The initiator used for polymerization can be suitably selected among heretofore known polymerization initiators according to the type of polymerization method. For example, one or two or more species of azo polymerization initiators such as 2,2′-azobisisobutyronitrile (AIBN) can be preferably used. Other examples of the polymerization initiator include persulfates such as potassium persulfate; peroxide initiators such as benzoyl peroxide and hydrogen peroxide; substituted ethane initiators such as phenyl-substituted ethane; and aromatic carbonyl compounds. Still other examples of the polymerization initiator include redox type initiators based on a combination of a peroxide and a reducing agent. Such polymerization initiators can be used singly as one species or in a combination of two or more species. The polymerization initiator can be used in a typical amount, for example, about 0.005 part to 1 part by weight (typically, about 0.01 part to 1 part by weight) to 100 parts by weight of the monomers.

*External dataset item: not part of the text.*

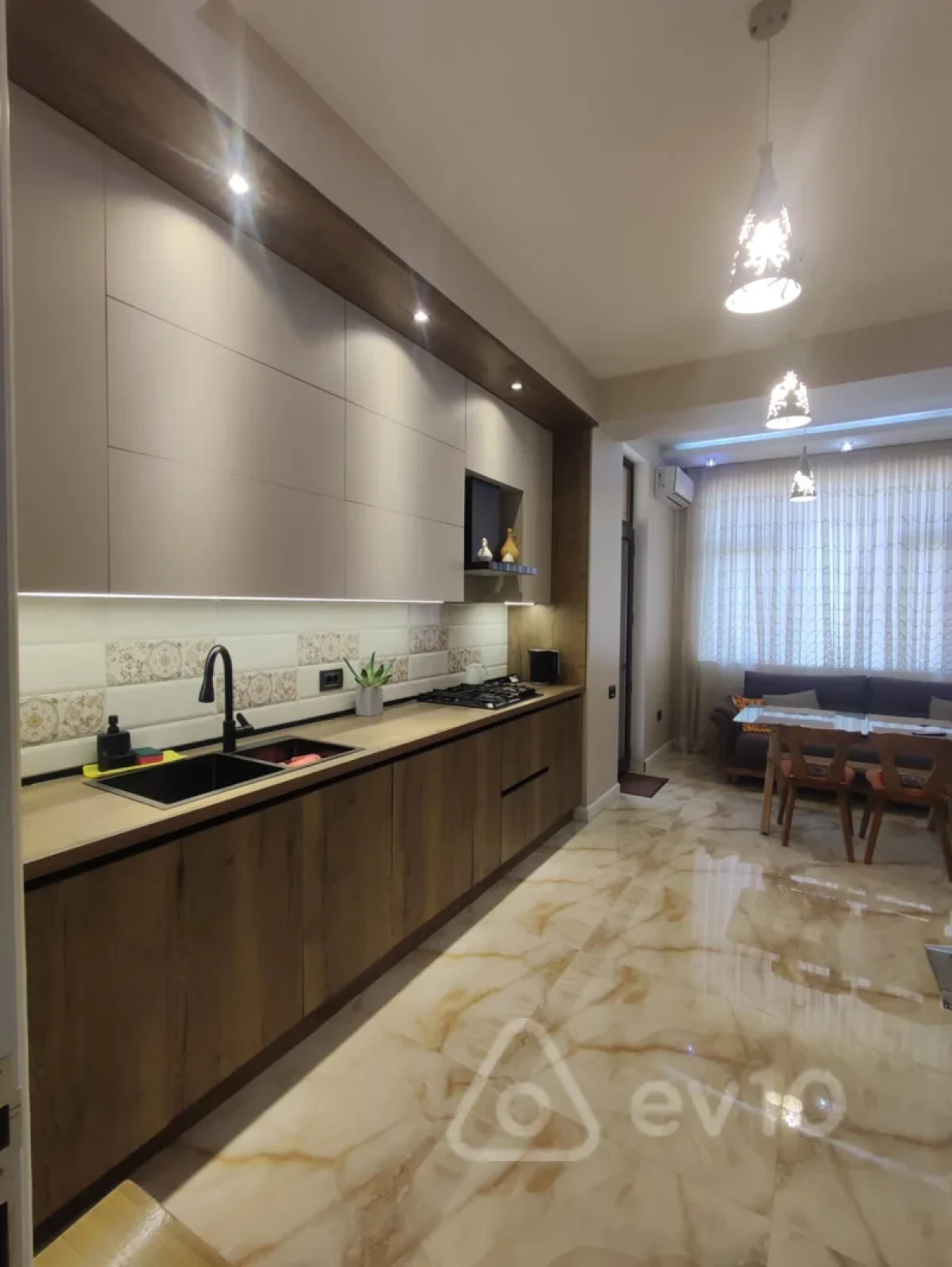 Kirayə verilir 3 otaqlı yeni tikili 140 m²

The solution polymerization yields a polymerization reaction mixture as a solution of acrylic polymer in an organic solvent. The PSA layer in the art disclosed herein may be formed from a PSA composition comprising the polymerization reaction mixture or an acrylic polymer solution obtained by subjecting the reaction mixture to a suitable work-up. For the acrylic polymer solution, the polymerization reaction mixture can be used after adjusted to suitable viscosity and/or concentration as necessary. Alternatively, an acrylic polymer can be synthesized by a polymerization method other than solution polymerization, such as emulsion polymerization, photopolymerization, bulk polymerization, etc., and an acrylic polymer solution prepared by dissolving the acrylic polymer in an organic solvent can be used as well.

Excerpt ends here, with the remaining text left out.